Re: [Challenge-kdn] Question about RouteNet code on GitHub - Challenge-kdn

16 Jul 2020

Dear Minh,
Please, find my answers inline:
...
  Dear GNNet challenge 2020 organizing team,
 My name is Minh, one of the participants in the challenge. I have
 questions about the RouteNet code on GitHub that I want to ask as follows:
 1) Can you please provide a requirements.txt file of your Python
 environment? I'm aware that you wrote the codes depend on
 tensorflow=2.1.0, networks>=2.4, and pandas >=0.24, but I often get
 different errors when running on different machines, so I think a
 requirements.txt file will make it easier not only for me but also for
 all other participants. 
We are aware that the process to install all the libraries may be a bit
confusing. However, we decided not to put a 'requirements.txt' file
because we think it can be more error-prone. The main problem comes when
you install TensorFlow in a machine with a CUDA-enabled GPU card, since
you need to have the right CUDA and CuDNN versions pre-installed. These
libraries depend on the operating system and the version you use.
Thus, the most laborious part is to install correctly CUDA and CuDNN,
but you can do it in a pretty systematic way following this TensorFlow
tutorial:
https://www.tensorflow.org/install/gpu
...
  2) What is the terminating point of RouteNet as a
baseline for the
 challenge? From what I see, it only stops after 5 million steps, which
 takes an incredibly long time, should this be the terminating point of
 the algorithm? And the results after 5 million steps are the baseline
 results for the competition? 
This is just an arbitrary upper bound limit we set in the
implementation. The idea is that you can stop the execution whenever you
want based on the training progress, and the last models (checkpoints)
are automatically saved in the "../logs/model_log" directory. Note that
after 400k steps the model has iterated over all the training dataset.

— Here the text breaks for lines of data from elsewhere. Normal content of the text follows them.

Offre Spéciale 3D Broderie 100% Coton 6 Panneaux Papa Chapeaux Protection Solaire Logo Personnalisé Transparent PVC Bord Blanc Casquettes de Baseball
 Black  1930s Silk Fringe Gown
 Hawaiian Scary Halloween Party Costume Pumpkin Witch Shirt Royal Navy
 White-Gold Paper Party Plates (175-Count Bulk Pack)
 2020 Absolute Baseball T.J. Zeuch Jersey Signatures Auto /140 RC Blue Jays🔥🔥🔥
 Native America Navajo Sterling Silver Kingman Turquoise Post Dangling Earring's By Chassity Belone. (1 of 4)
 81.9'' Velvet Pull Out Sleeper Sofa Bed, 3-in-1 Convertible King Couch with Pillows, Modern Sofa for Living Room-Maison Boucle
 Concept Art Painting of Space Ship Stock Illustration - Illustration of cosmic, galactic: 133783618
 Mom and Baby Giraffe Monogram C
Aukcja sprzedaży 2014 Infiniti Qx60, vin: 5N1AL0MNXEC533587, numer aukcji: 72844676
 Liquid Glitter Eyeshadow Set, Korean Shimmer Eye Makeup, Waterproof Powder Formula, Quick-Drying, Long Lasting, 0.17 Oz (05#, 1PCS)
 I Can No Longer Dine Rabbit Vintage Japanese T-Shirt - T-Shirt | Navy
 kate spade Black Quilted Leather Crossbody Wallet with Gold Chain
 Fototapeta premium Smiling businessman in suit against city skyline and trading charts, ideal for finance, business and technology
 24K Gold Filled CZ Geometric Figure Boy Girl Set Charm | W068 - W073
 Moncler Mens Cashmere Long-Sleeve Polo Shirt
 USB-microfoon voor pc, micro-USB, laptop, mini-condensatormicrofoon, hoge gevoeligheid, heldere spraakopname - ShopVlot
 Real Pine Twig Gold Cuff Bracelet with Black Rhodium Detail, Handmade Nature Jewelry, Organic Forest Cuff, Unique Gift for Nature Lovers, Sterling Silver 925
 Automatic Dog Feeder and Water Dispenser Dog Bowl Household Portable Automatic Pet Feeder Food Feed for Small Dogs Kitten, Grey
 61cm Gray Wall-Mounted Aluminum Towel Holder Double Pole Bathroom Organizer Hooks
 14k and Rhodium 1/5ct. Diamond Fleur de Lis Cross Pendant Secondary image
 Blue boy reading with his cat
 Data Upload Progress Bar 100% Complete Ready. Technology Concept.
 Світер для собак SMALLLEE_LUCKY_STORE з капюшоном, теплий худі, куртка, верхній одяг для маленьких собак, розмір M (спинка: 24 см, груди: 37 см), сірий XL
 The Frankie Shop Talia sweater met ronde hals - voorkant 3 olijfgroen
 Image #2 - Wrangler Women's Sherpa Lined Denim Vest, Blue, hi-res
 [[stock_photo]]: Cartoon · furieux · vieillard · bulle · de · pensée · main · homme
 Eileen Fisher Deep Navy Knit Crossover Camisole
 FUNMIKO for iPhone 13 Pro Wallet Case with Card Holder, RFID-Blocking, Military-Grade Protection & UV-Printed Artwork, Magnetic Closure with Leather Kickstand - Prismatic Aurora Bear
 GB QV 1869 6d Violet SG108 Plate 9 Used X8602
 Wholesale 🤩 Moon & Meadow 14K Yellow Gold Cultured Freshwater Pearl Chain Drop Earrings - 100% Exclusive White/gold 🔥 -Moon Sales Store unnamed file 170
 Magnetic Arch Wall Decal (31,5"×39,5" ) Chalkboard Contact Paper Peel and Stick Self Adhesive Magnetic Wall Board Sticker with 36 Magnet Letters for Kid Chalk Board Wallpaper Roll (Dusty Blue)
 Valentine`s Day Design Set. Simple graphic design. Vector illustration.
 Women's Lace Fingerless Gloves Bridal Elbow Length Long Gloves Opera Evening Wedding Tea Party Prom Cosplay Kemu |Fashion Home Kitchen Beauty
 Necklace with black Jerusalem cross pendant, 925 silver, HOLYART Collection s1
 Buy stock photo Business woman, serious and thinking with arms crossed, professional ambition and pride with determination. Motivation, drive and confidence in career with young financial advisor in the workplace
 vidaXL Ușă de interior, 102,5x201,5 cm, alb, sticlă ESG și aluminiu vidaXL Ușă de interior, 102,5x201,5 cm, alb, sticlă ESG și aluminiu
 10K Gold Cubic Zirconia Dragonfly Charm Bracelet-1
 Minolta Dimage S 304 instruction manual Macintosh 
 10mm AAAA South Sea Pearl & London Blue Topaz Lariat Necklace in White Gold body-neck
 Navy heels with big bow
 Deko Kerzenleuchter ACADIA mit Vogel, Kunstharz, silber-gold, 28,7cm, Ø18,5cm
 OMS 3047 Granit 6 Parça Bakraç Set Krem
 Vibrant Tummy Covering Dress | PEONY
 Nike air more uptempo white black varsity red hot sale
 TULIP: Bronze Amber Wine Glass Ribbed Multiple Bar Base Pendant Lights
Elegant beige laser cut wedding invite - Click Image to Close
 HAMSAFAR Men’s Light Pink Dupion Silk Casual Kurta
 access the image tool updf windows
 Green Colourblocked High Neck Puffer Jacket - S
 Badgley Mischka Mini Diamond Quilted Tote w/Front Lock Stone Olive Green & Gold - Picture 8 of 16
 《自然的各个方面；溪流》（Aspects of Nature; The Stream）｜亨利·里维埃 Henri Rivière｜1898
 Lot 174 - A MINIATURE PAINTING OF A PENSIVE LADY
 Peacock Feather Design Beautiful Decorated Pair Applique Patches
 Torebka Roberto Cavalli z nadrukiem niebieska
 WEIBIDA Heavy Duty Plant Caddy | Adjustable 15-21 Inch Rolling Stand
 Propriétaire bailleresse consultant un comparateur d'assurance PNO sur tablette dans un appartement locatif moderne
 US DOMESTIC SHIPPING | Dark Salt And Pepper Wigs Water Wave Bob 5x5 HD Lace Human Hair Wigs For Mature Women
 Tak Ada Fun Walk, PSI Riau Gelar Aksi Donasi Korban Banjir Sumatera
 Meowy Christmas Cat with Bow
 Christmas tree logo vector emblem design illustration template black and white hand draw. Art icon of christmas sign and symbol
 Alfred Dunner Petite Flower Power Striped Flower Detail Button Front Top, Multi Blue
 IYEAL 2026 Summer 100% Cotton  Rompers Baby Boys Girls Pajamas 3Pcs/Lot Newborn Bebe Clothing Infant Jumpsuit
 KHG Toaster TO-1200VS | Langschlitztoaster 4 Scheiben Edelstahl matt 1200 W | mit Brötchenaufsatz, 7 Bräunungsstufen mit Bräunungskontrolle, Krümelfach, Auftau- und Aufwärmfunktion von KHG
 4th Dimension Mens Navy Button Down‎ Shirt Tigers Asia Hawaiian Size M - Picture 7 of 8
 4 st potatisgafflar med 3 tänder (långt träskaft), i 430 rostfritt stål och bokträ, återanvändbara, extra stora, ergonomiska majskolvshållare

Further iterations can only help slightly refine the model.
You can take the baseline as a reference implementation to develop your
model. However, with this baseline you can expect a MAPE (Mean Absolute
Percentage Error) above 100%. One main reason is that it does not encode
information about queue scheduling, and this has a great impact on
network delay.
*
*
...
  I look forward to hearing from you soon. Thank you.
 Best regards,
 Minh Nguyen.
 King Abdullah University of Science and Technology (KAUST)
 Al-Khawarizmi Applied Math. Building (Bldg. #1) |  Level 3, Table
 3139-WS01
 Thuwal 23955-6900 | Makkah Province
 Kingdom of Saudi Arabia 
I hope I answered all your questions. Please, let me know if you have
any more questions/comments.
Regards,
José Suárez-varela
Barcelona Neural Networking center - UPC